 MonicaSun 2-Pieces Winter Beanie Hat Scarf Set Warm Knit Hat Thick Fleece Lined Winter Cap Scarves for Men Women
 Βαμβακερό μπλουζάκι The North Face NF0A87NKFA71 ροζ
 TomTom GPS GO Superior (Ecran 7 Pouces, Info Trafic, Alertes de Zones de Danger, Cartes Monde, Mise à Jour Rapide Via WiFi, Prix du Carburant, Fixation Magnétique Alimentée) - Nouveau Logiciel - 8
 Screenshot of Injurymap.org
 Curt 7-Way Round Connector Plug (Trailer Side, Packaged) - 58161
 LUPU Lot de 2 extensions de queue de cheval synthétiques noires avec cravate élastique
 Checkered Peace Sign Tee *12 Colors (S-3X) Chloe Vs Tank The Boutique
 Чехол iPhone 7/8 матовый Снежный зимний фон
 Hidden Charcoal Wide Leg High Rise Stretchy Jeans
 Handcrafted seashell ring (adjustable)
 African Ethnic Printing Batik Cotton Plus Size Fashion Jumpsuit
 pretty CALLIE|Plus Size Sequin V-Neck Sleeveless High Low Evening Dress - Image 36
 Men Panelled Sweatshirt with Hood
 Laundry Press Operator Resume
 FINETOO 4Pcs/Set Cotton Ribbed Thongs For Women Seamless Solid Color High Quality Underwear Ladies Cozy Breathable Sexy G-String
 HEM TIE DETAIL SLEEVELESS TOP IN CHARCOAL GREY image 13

__Exercise brief__.
Beginning at the line that holds "Curt 7-Way Round", write out word for word each line through the end of the records.

__Exercise output__.
 Curt 7-Way Round Connector Plug (Trailer Side, Packaged) - 58161
 LUPU Lot de 2 extensions de queue de cheval synthétiques noires avec cravate élastique
 Checkered Peace Sign Tee *12 Colors (S-3X) Chloe Vs Tank The Boutique
 Чехол iPhone 7/8 матовый Снежный зимний фон
 Hidden Charcoal Wide Leg High Rise Stretchy Jeans
 Handcrafted seashell ring (adjustable)
 African Ethnic Printing Batik Cotton Plus Size Fashion Jumpsuit
 pretty CALLIE|Plus Size Sequin V-Neck Sleeveless High Low Evening Dress - Image 36
 Men Panelled Sweatshirt with Hood
 Laundry Press Operator Resume
 FINETOO 4Pcs/Set Cotton Ribbed Thongs For Women Seamless Solid Color High Quality Underwear Ladies Cozy Breathable Sexy G-String
 HEM TIE DETAIL SLEEVELESS TOP IN CHARCOAL GREY image 13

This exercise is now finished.